**DIRECTIONS**
I'd like the full listing transcribed exactly, with no images included.

**INFORMATION SUPPLIED**
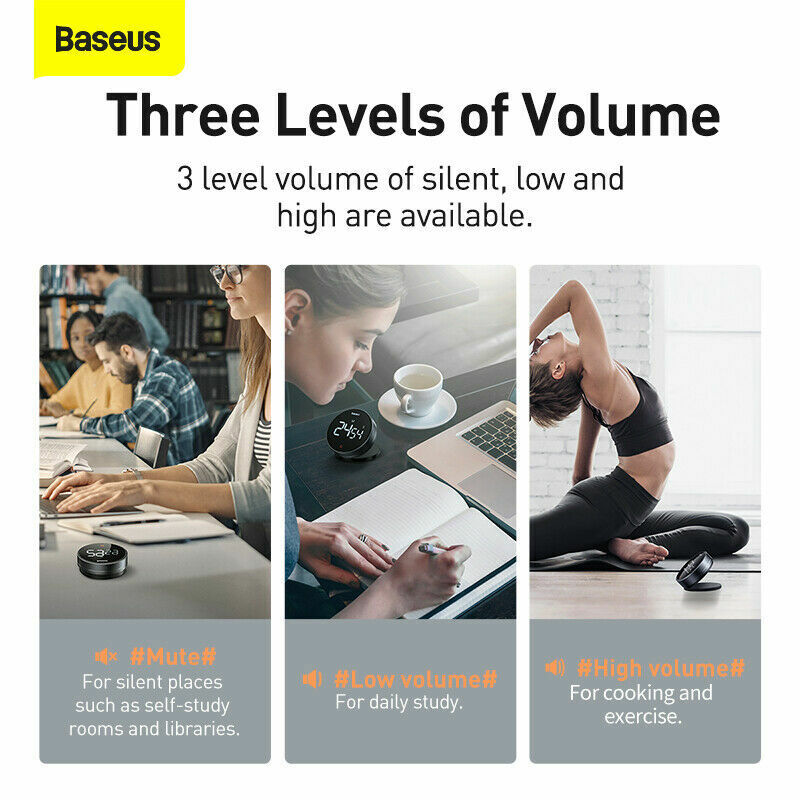 Baseus Rotation Countdown Timer Pro Kitchen Clock Heyo Series (Dark Grey)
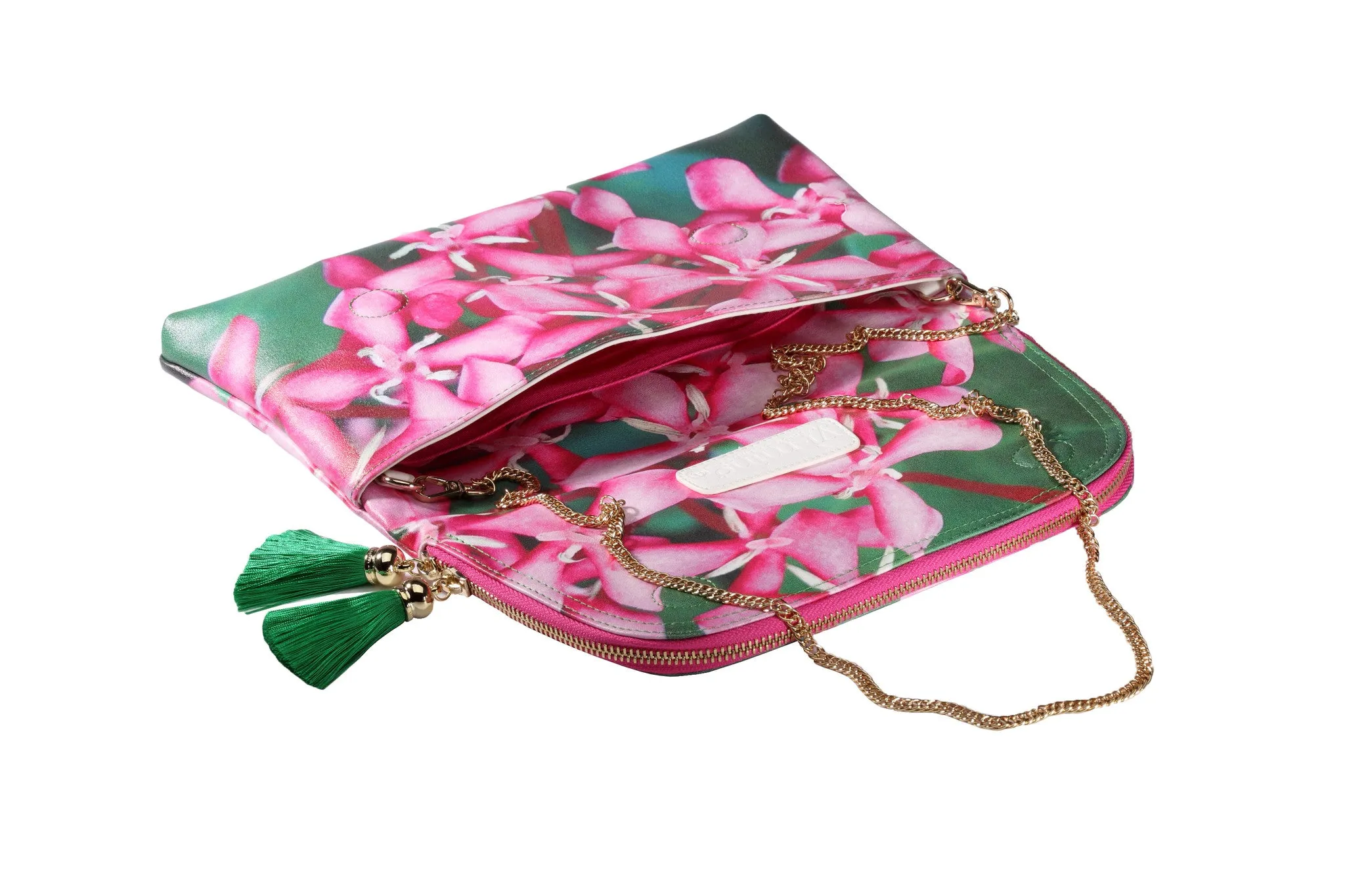 Pink Ixora & Green Leaves Print Clutch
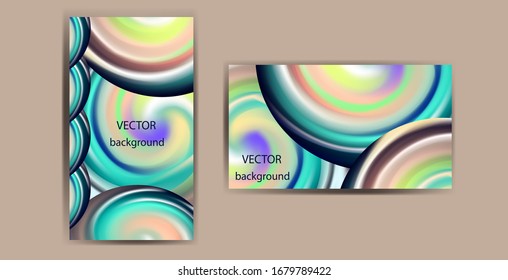 Vector image of gradient circles in a chaotic order. Set of geometric templates for invitations, cards, presentations, greetings, business. Vector abstract circles. Modern cover template, eps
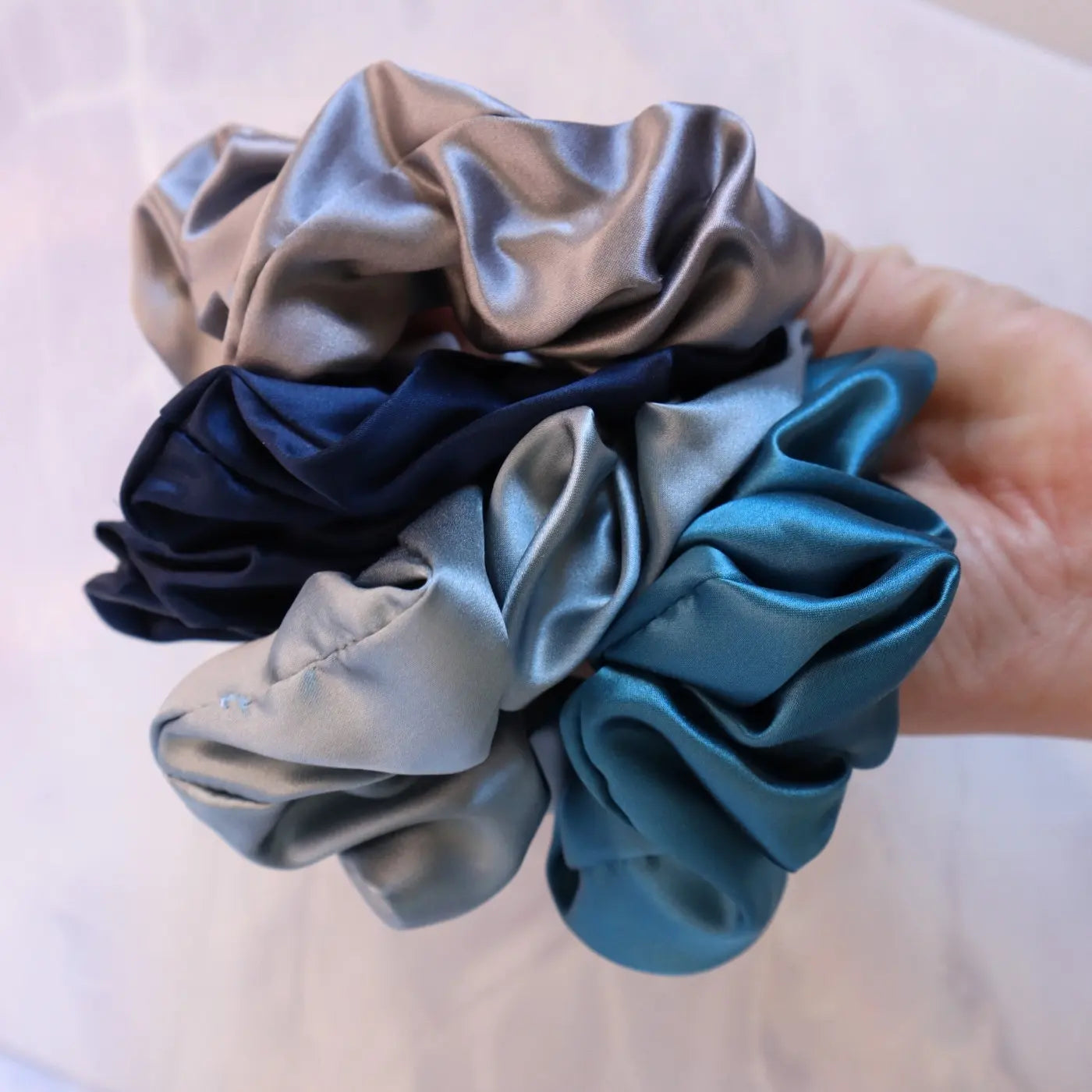 4 Silk Hair Scrunchie Set Hair Ties Mulberry - Navy Blue, Grey, Teal, Light Blue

**PROBLEM SOLUTION**
 Baseus Rotation Countdown Timer Pro Kitchen Clock Heyo Series (Dark Grey)
 Pink Ixora & Green Leaves Print Clutch
 Vector image of gradient circles in a chaotic order. Set of geometric templates for invitations, cards, presentations, greetings, business. Vector abstract circles. Modern cover template, eps
 4 Silk Hair Scrunchie Set Hair Ties Mulberry - Navy Blue, Grey, Teal, Light Blue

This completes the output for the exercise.